* **Material to process**:
******

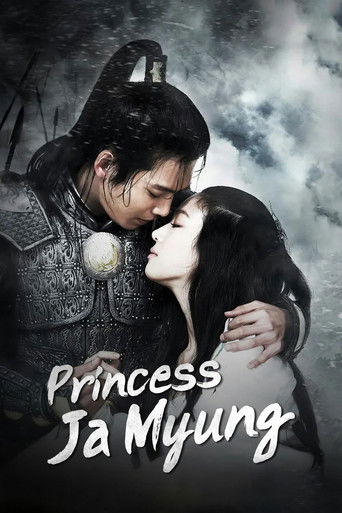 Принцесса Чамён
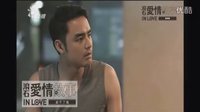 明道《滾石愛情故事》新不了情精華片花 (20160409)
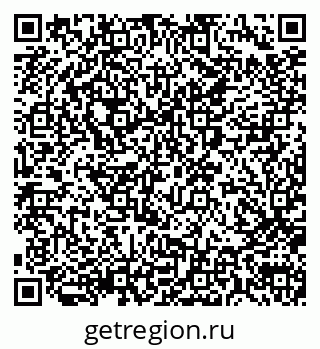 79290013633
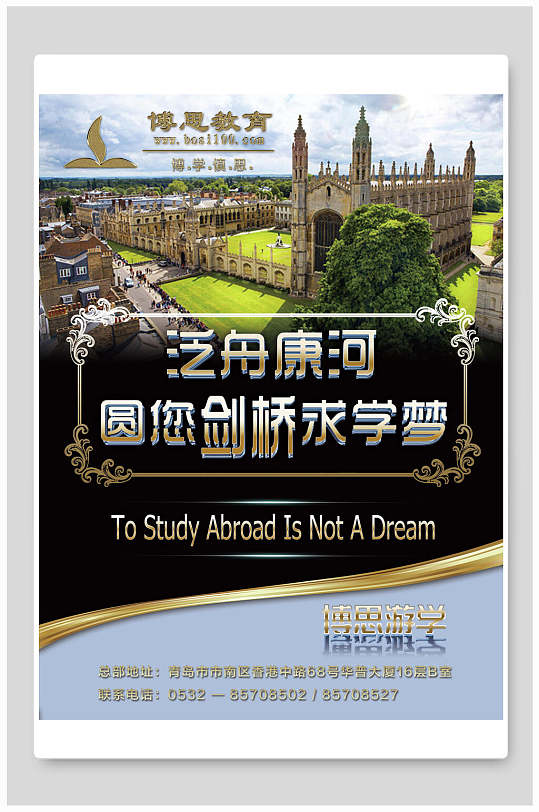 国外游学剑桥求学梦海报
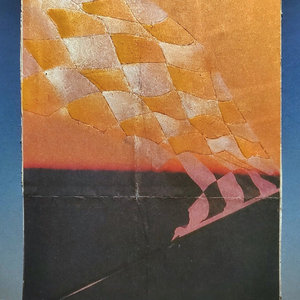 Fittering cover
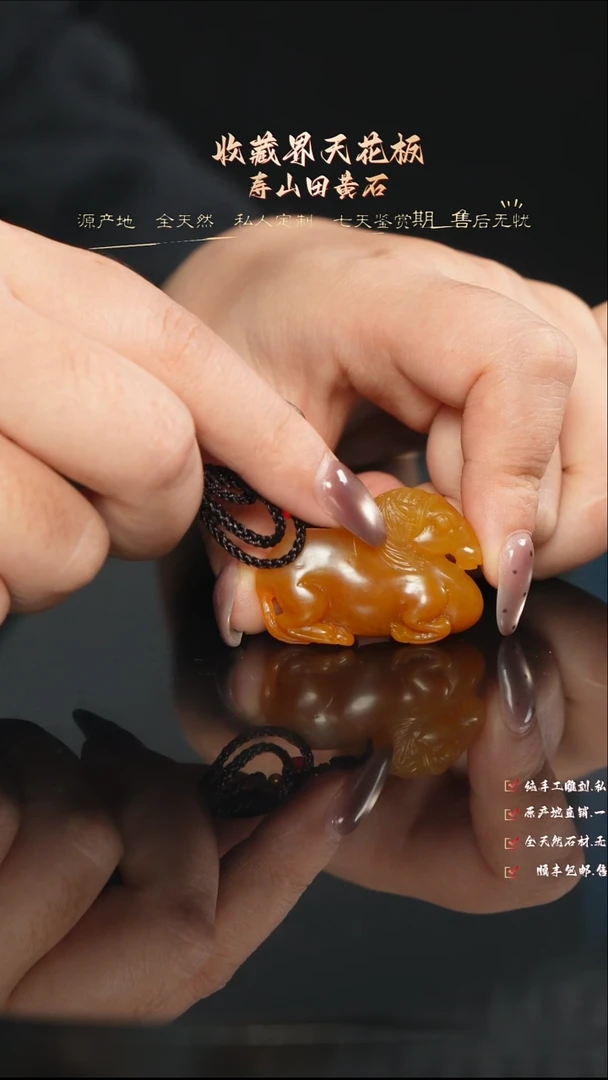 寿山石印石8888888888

******

* **What you should do**: One exact copy of the data, no pictures: write it out line for line.

* **Response to the exercise**:
 Принцесса Чамён
 明道《滾石愛情故事》新不了情精華片花 (20160409)
 79290013633
 国外游学剑桥求学梦海报
 Fittering cover
 寿山石印石8888888888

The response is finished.